BORN OR BRED? began life as a book to tell Bryant's mother's story. However, unhappy at what the authors wanted to do, Carleen Bryant quickly pulled out of the project. By that time Wainwright and Totaro had become fascinated into trying to find if there was something in Bryant's past that would explain in inexplicable.
They spoke to neighbours, friends, family, teachers; anyone who knew Bryant and his family willing to talk, trying to shed light on the man.
All are interesting; some are revelatory. Probably the people who come closest to giving us an understanding are Bryant's defence lawyer, John Avery and forensic psychiatrist Paul Mullen.
No one really knows why Martin Bryant went on that killing spree, with the exception of Bryant, and if he knows, he's not telling. Chances are the man with an assessed IQ of a child of 10 or 11 and an emotional age of 2 doesn't know himself.
What does emerge from the book is a picture of a tragically pathetic man who, while he did the unforgiveable, just didn't have the skills to fit into society and is more to be pitied than despised.
Born Or Bred?

Martin John Bryant slipped into the world in the Autumn of 1967, blond, blue-eyed, angelic.
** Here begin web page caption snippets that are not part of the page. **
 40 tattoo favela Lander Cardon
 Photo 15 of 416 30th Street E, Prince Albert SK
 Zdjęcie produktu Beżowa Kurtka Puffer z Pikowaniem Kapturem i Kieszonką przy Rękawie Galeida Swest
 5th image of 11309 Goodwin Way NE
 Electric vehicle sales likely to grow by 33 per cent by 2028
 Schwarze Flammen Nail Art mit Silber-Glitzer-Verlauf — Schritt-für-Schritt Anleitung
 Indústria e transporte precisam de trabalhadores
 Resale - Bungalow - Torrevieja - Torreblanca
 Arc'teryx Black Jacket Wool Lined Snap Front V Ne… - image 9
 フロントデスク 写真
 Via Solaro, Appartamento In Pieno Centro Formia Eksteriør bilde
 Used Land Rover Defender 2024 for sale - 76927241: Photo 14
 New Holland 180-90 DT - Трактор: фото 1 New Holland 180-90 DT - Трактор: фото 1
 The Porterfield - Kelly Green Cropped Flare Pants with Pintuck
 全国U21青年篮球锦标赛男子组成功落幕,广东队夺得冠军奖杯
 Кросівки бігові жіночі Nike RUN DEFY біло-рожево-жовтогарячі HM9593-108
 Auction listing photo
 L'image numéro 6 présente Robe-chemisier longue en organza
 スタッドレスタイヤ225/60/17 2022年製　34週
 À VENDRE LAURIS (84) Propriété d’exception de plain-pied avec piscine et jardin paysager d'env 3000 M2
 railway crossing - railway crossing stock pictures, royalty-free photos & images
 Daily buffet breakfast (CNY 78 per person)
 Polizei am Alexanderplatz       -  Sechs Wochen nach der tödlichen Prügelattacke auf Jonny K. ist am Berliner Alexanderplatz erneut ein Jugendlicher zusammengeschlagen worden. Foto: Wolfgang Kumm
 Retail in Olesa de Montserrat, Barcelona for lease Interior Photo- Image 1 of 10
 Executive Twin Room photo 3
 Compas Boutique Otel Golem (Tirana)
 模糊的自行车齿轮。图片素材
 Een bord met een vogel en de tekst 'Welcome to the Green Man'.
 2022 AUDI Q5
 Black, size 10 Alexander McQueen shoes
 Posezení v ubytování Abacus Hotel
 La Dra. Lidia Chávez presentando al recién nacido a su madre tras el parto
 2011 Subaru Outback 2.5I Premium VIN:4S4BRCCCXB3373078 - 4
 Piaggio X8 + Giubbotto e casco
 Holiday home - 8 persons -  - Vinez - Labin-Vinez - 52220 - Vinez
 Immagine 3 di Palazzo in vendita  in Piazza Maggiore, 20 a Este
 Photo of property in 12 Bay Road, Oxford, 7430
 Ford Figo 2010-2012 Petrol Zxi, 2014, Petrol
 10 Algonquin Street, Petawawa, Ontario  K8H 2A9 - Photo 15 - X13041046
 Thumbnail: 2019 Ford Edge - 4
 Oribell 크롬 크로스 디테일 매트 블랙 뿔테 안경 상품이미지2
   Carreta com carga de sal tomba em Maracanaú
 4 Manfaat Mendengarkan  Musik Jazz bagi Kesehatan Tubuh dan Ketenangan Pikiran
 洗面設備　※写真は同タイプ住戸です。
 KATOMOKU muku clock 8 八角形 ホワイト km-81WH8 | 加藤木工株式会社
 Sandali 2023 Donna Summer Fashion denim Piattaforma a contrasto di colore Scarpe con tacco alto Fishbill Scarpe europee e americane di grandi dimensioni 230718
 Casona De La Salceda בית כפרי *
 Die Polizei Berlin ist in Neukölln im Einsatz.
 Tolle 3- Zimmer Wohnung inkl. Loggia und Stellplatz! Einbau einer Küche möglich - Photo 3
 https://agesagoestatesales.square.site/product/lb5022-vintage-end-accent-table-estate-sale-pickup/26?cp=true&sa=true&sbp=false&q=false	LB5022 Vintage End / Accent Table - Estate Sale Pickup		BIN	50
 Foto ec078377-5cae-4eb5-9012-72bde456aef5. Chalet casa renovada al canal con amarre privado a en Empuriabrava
On a sunny Sunday 29 years later, Carleen and Maurice Bryant's beloved firstborn loaded the boot of his yellow Volvo with guns and ammunitionand returned to Tasmania's historic Port Arthur settlement, scene of many idyllic childhood summers. There, the young man with the striking surfie hair and mesmeric eyes, clamly shot 35 people dead and wounded 21 more. His crime, the world's worst killing spree by a lone gunman, horrified the nation and changed Australia forever.
Why did the little boy with the funny grin turn into a mass murderer? Was he born to kill, his life's trajectory preordained by genes? Or was his mind indelibly warped by a lifetime of derision and alienation?
Robert Wainwright and Paola Totaro delve back over five generations and two hemispheres, finding the eccentric and disparate characters whose lives intersected - with catastrophic results. From Bryant's shocking behind-the-scenes confessions to his own 11th hour attempt to turn back from his murderous destiny, this book asks if the Port Arthur massacre could have been prevented.